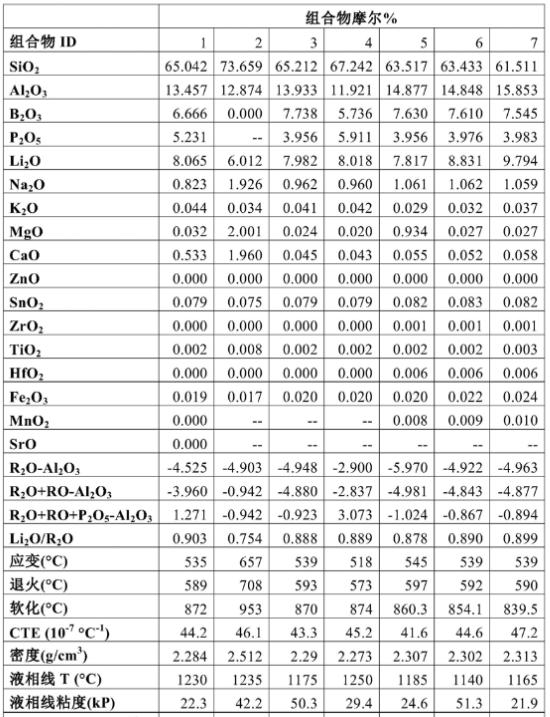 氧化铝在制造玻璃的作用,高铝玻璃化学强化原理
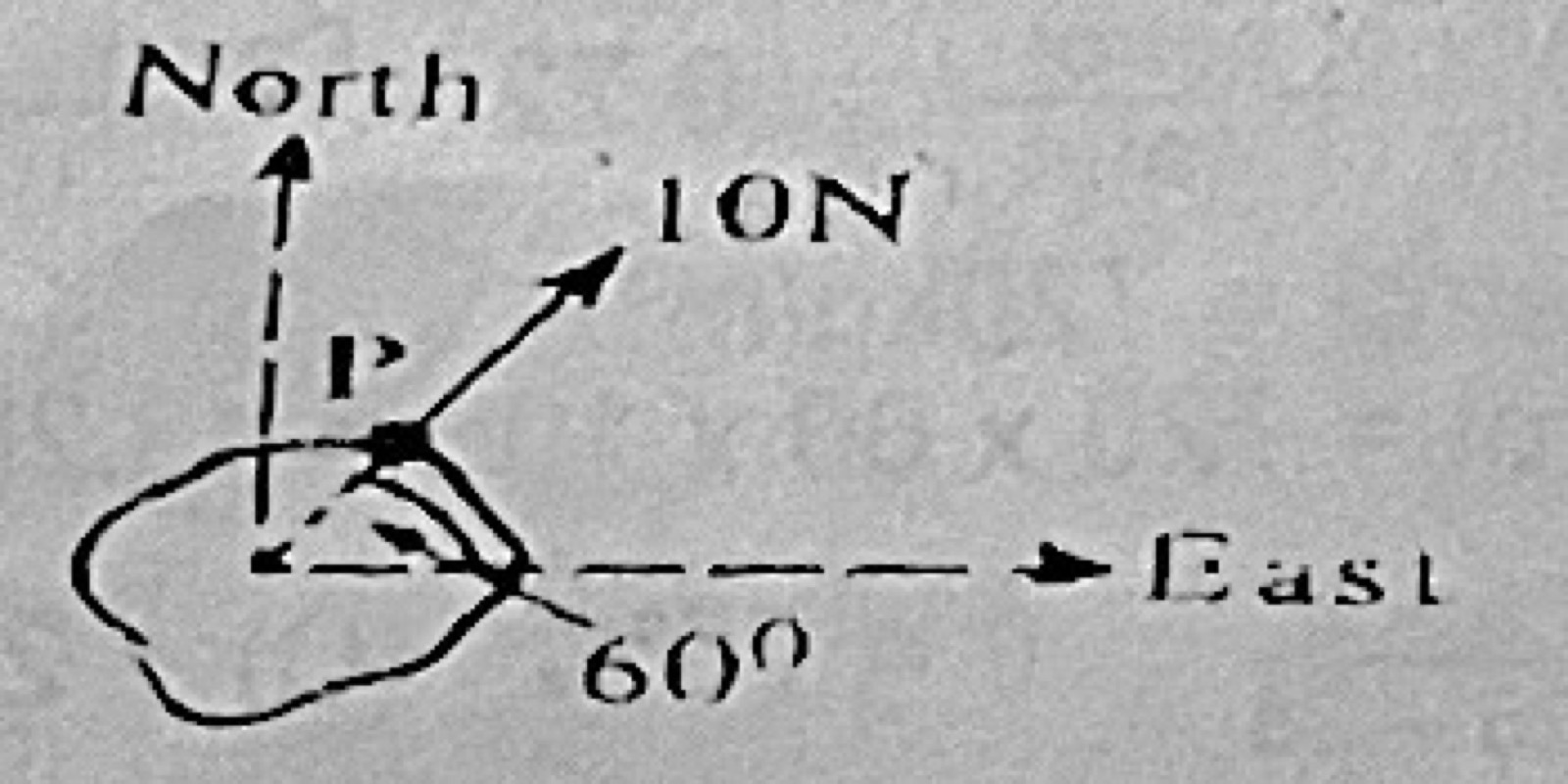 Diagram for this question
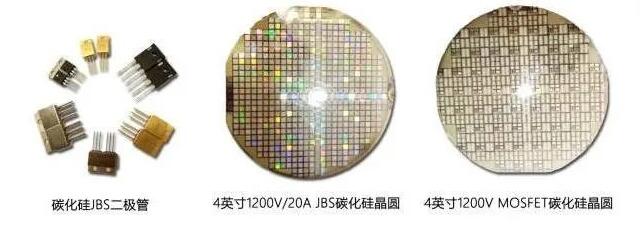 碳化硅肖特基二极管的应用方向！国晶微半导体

### WORK TO COMPLETE
Without changing a word, restate the listing above; the pictures stay out.

### ANSWER FOR THIS EXERCISE
 氧化铝在制造玻璃的作用,高铝玻璃化学强化原理
 Diagram for this question
 碳化硅肖特基二极管的应用方向！国晶微半导体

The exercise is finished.